Tier 1 Science Project
This ESP project will be used to advance four critical scientific applications that have a very diverse set of scientific objectives. The first scientific application will consist of performing simulations on the order of a few neocortical columns, each including 31,000 neurons and about 37 million synapses. The particular focus will be to study microcircuit plasticity, the phenomena of experience-dependent changes in synaptic connectivity, which is thought to be a substrate for learning and memory.
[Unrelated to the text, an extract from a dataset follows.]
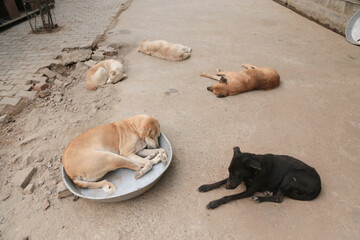 stray dogs in shelter.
The second and third scientific applications will rely on the simulation of the electrical activity of the rodent somatosensory cortex with morphologically detailed neurons to refine, on the one hand, the model and on the other hand develop a neurobotics application. The last scientific application will consist of simulating on the electrical activity of the largest possible brain model for several seconds of biological time.
Impact: While much is known about the brain, little is understood. Integration through data-driven brain tissue models is a novel method in the scientific repertoire. With this project, researchers will advance simulation tools, widen the ability for scientific questions on brain plasticity, and trigger valuable discussions with the HPC community.
For the first science goal, researchers will simulate of the order of a few neocortical columns, each with 31,000 neurons and 36 million synapses. For the second and third science goals, they will simulate on the order of 20 million neurons and 20 billion synapses. The exact scales for the fourth science goal will be determined based on progress in draft rodent brain models.
CoreNeuron is an application used to simulate the electrical activity of large-scale neuronal circuits using detailed cellular morphologies, multi-compartment models, Hodgkin-Huxley channel and probabilistic Tsodyks-Markram synapse models. Time discretization is backward Euler; spatial discretization defines cylindrical elements referred as compartments. The bulk of the work is solving a large number of 1D nonlinear ODEs. A quasi-tridiagonal linear system is solved using the Hines algorithm.
The parallelization of CoreNeuron is implemented using MPI and OpenMP. A single MPI process is used per node with 64 threads on IBM Blue Gene/Q and 120 on a single node of Intel KNC-based Phi system (which was enough to saturate the memory bandwidth).
- Expose more parallelism from the CoreNeuron application: investigate a variant of the code where parallelism at the compartment rather than the single neuron level can be exposed.
- Try using the MPI distributed graph and neighborhood collective functionalities to replace MPI_Allgather to support close and faster than real time use cases.
- Above improvements may put pressure on spike exchange protocol. If so, investigate using low-level networking interface to reduce communication latency
- Store as many neurons as possible in the available memory: For one case, make use of available non-volatile memory/persistent data store.
- MCDRAM: Try using as cache. Also experiment with flat and hybrid models, where data used in memory-bound kernels preferably put into MCDRAM while compute kernel and neuron topological data remain in DRAM.
The Blue Brain Project has an active effort on portability based on code generation using a computational neuroscience DSL. This currently supports Intel x86 and Xeon Phi using OpenMP directives, and GPUs using OpenACC directives. There is also a C++ library, which encapsulates machine-specific math implementations based on lower-level approaches such as vector intrinsics.